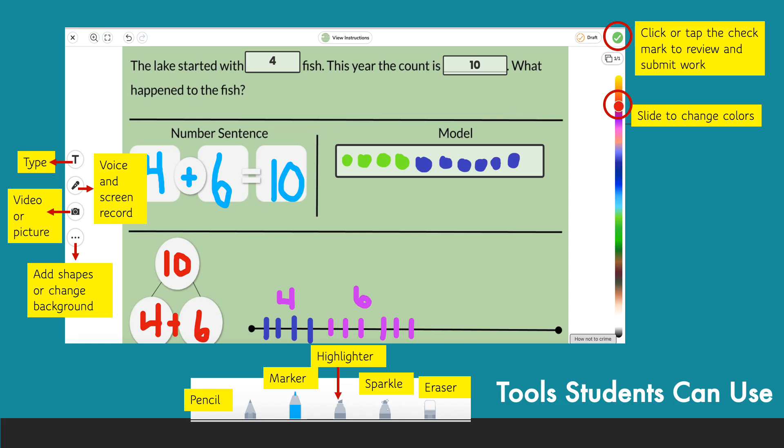Seesaw has many tools for students to complete activities. In this activity, students write or draw their answers. In order to do that, along the left-hand side, they can tap the T so they can type, they can use voice and screen record, they can video or take a picture, or they can add shapes and change backgrounds.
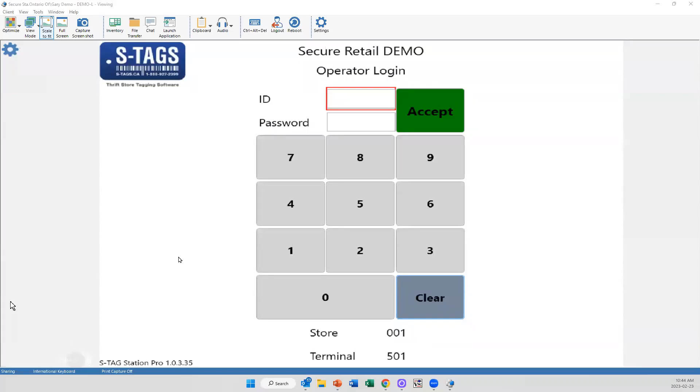Hello, I am going to go through some of the new features that Secure Retail has to offer. I'm going to start off with the STAG system.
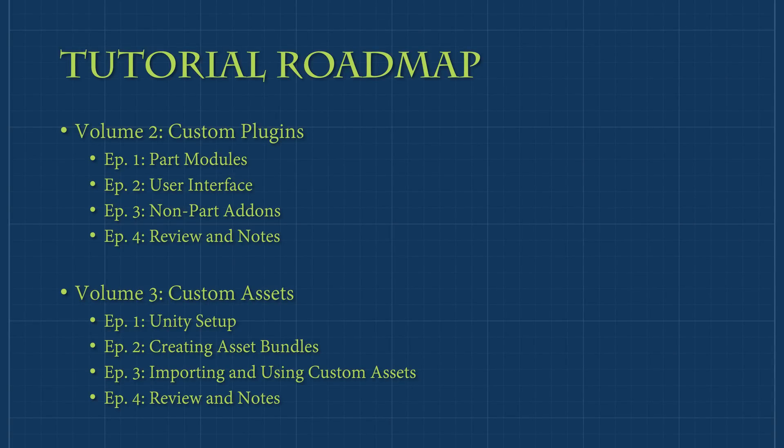The second volume will cover how to create custom plugins. The concepts covered will include how to create custom part modules, how to create user interfaces, and how to create part-independent game add-ons.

____

EXERCISE INSTRUCTIONS >> Leave out the pictures and repeat the remaining data exactly.

WRITTEN REPLY >>
Seesaw has many tools for students to complete activities. In this activity, students write or draw their answers. In order to do that, along the left-hand side, they can tap the T so they can type, they can use voice and screen record, they can video or take a picture, or they can add shapes and change backgrounds.
Hello, I am going to go through some of the new features that Secure Retail has to offer. I'm going to start off with the STAG system.
The second volume will cover how to create custom plugins. The concepts covered will include how to create custom part modules, how to create user interfaces, and how to create part-independent game add-ons.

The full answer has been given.